■ Exercise directions
The records follow. Retype them without a single change.

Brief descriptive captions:
####################

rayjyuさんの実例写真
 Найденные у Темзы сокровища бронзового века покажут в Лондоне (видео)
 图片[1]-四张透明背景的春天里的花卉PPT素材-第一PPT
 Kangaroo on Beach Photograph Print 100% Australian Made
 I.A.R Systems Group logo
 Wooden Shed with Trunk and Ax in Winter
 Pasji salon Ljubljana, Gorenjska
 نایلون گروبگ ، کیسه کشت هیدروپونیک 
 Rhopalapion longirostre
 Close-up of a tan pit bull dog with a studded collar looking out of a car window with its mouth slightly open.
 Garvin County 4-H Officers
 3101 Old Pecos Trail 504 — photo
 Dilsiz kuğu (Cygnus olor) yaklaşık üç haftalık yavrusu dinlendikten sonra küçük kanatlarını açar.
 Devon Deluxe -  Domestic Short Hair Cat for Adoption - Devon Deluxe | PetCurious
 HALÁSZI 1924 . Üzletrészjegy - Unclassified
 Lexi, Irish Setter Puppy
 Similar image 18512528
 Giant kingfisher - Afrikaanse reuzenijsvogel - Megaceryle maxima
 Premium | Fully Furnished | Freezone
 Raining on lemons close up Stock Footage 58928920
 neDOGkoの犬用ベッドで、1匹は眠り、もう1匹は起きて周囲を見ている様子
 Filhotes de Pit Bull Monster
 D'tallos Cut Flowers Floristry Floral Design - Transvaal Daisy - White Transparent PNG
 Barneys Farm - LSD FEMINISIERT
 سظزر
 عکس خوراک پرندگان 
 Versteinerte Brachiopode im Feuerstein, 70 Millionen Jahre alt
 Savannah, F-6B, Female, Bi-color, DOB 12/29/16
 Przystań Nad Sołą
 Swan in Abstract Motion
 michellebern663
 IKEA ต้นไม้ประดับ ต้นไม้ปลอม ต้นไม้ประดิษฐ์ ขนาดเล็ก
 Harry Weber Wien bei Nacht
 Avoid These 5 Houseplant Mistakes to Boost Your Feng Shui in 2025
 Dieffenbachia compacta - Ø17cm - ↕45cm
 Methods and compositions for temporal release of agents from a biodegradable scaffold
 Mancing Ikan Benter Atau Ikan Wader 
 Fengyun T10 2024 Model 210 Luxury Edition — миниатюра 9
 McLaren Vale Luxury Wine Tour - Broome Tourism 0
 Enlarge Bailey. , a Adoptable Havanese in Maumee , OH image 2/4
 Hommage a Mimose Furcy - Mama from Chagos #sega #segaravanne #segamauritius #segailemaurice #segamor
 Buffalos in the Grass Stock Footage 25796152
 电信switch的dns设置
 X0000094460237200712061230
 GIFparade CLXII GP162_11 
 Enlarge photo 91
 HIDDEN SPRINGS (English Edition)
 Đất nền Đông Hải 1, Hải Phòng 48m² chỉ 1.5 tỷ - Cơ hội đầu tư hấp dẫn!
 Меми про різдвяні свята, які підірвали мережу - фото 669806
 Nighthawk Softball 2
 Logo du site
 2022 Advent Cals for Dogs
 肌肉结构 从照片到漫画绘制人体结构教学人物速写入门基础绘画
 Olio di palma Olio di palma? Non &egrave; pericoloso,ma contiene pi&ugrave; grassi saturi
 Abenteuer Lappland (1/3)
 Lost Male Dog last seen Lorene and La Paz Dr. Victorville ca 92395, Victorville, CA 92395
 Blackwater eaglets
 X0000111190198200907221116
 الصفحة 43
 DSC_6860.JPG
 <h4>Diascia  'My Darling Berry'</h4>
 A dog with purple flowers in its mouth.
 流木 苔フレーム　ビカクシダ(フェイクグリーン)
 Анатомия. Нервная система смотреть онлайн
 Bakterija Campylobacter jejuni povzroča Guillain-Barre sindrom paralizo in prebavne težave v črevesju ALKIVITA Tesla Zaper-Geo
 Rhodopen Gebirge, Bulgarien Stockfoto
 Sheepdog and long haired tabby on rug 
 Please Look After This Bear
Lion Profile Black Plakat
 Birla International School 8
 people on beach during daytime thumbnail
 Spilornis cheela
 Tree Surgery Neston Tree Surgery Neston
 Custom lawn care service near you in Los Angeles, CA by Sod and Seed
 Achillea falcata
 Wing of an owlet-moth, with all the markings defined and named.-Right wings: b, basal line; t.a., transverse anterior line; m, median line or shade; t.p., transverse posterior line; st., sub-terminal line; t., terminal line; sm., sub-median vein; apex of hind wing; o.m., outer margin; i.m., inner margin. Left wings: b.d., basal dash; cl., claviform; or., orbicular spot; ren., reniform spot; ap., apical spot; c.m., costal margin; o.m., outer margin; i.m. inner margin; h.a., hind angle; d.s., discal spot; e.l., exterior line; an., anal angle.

####################

■ Expected answer
rayjyuさんの実例写真
 Найденные у Темзы сокровища бронзового века покажут в Лондоне (видео)
 图片[1]-四张透明背景的春天里的花卉PPT素材-第一PPT
 Kangaroo on Beach Photograph Print 100% Australian Made
 I.A.R Systems Group logo
 Wooden Shed with Trunk and Ax in Winter
 Pasji salon Ljubljana, Gorenjska
 نایلون گروبگ ، کیسه کشت هیدروپونیک 
 Rhopalapion longirostre
 Close-up of a tan pit bull dog with a studded collar looking out of a car window with its mouth slightly open.
 Garvin County 4-H Officers
 3101 Old Pecos Trail 504 — photo
 Dilsiz kuğu (Cygnus olor) yaklaşık üç haftalık yavrusu dinlendikten sonra küçük kanatlarını açar.
 Devon Deluxe -  Domestic Short Hair Cat for Adoption - Devon Deluxe | PetCurious
 HALÁSZI 1924 . Üzletrészjegy - Unclassified
 Lexi, Irish Setter Puppy
 Similar image 18512528
 Giant kingfisher - Afrikaanse reuzenijsvogel - Megaceryle maxima
 Premium | Fully Furnished | Freezone
 Raining on lemons close up Stock Footage 58928920
 neDOGkoの犬用ベッドで、1匹は眠り、もう1匹は起きて周囲を見ている様子
 Filhotes de Pit Bull Monster
 D'tallos Cut Flowers Floristry Floral Design - Transvaal Daisy - White Transparent PNG
 Barneys Farm - LSD FEMINISIERT
 سظزر
 عکس خوراک پرندگان 
 Versteinerte Brachiopode im Feuerstein, 70 Millionen Jahre alt
 Savannah, F-6B, Female, Bi-color, DOB 12/29/16
 Przystań Nad Sołą
 Swan in Abstract Motion
 michellebern663
 IKEA ต้นไม้ประดับ ต้นไม้ปลอม ต้นไม้ประดิษฐ์ ขนาดเล็ก
 Harry Weber Wien bei Nacht
 Avoid These 5 Houseplant Mistakes to Boost Your Feng Shui in 2025
 Dieffenbachia compacta - Ø17cm - ↕45cm
 Methods and compositions for temporal release of agents from a biodegradable scaffold
 Mancing Ikan Benter Atau Ikan Wader 
 Fengyun T10 2024 Model 210 Luxury Edition — миниатюра 9
 McLaren Vale Luxury Wine Tour - Broome Tourism 0
 Enlarge Bailey. , a Adoptable Havanese in Maumee , OH image 2/4
 Hommage a Mimose Furcy - Mama from Chagos #sega #segaravanne #segamauritius #segailemaurice #segamor
 Buffalos in the Grass Stock Footage 25796152
 电信switch的dns设置
 X0000094460237200712061230
 GIFparade CLXII GP162_11 
 Enlarge photo 91
 HIDDEN SPRINGS (English Edition)
 Đất nền Đông Hải 1, Hải Phòng 48m² chỉ 1.5 tỷ - Cơ hội đầu tư hấp dẫn!
 Меми про різдвяні свята, які підірвали мережу - фото 669806
 Nighthawk Softball 2
 Logo du site
 2022 Advent Cals for Dogs
 肌肉结构 从照片到漫画绘制人体结构教学人物速写入门基础绘画
 Olio di palma Olio di palma? Non &egrave; pericoloso,ma contiene pi&ugrave; grassi saturi
 Abenteuer Lappland (1/3)
 Lost Male Dog last seen Lorene and La Paz Dr. Victorville ca 92395, Victorville, CA 92395
 Blackwater eaglets
 X0000111190198200907221116
 الصفحة 43
 DSC_6860.JPG
 <h4>Diascia  'My Darling Berry'</h4>
 A dog with purple flowers in its mouth.
 流木 苔フレーム　ビカクシダ(フェイクグリーン)
 Анатомия. Нервная система смотреть онлайн
 Bakterija Campylobacter jejuni povzroča Guillain-Barre sindrom paralizo in prebavne težave v črevesju ALKIVITA Tesla Zaper-Geo
 Rhodopen Gebirge, Bulgarien Stockfoto
 Sheepdog and long haired tabby on rug 
 Please Look After This Bear
Lion Profile Black Plakat
 Birla International School 8
 people on beach during daytime thumbnail
 Spilornis cheela
 Tree Surgery Neston Tree Surgery Neston
 Custom lawn care service near you in Los Angeles, CA by Sod and Seed
 Achillea falcata
 Wing of an owlet-moth, with all the markings defined and named.-Right wings: b, basal line; t.a., transverse anterior line; m, median line or shade; t.p., transverse posterior line; st., sub-terminal line; t., terminal line; sm., sub-median vein; apex of hind wing; o.m., outer margin; i.m., inner margin. Left wings: b.d., basal dash; cl., claviform; or., orbicular spot; ren., reniform spot; ap., apical spot; c.m., costal margin; o.m., outer margin; i.m. inner margin; h.a., hind angle; d.s., discal spot; e.l., exterior line; an., anal angle.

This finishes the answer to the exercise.